On leaving the RAF in 2005 he spent ten years as a Senior Lecturer in Air Power Studies with Kings College London, later Portsmouth University, based at the RAF College Cranwell.

Chris’ primary expertise is in the influence of air power on the battlefield and areas such as joint fires, logistics, command and control, intelligence, campaign planning, leadership at all levels and the political aspects of warfare.  However, he has also covered maritime battles (Malta & NEPTUNE) and land battles (Monte Cassino & Berlin).

Chris lectures on Aviation and Military History to a wide range of audiences including, recently, an on-line lecture on the role of the Royal Artillery in the Imjin River Battle of the Korean War.  He is currently writing a chapter on Bomber Command tactics for a book on the Combined Bomber Offensive to be published in 2021.

He is a Fellow of both the Royal Aeronautical Society and the Higher Education Academy, and works as a volunteer Guide at the Battle of Britain Memorial Flight.

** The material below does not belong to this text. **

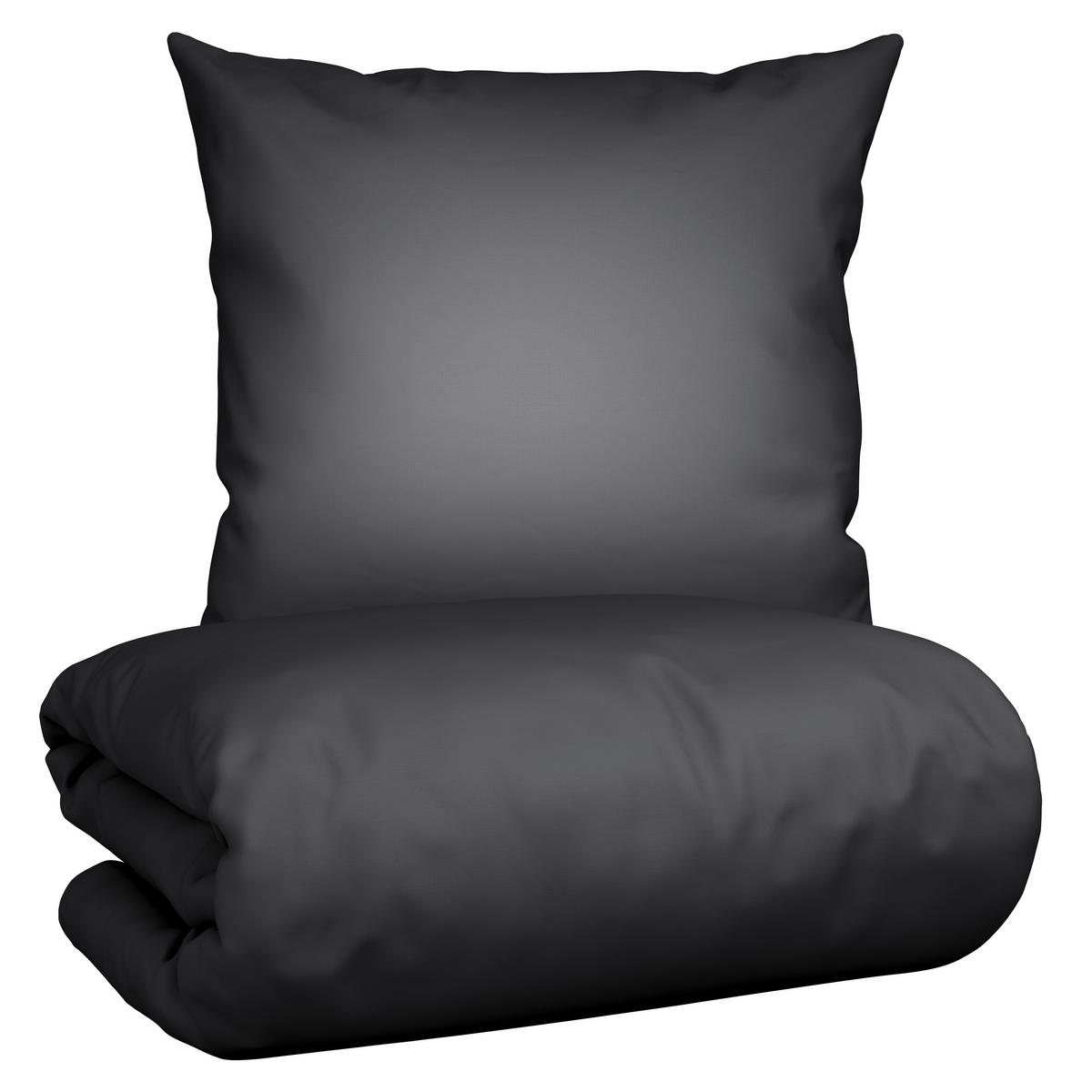 Bettwäsche Stone Washed Uni XXL Anthrazit ca. 200x200cm - Anthrazit, MODERN, Textil (200/200cm) - Modern Living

A member of the Guild since 2008 Chris gained his Badge in 2009, becoming a validator the following year.  He has organised a number of Guild Events, the last being a Guild Recce to Berlin in 2019.  He became the Chief Validator in 2015 and the Director of Validation (now Accreditation Director) in 2017.  He was elected the fourth Fellow of the Guild at the 2020 Annual Conference.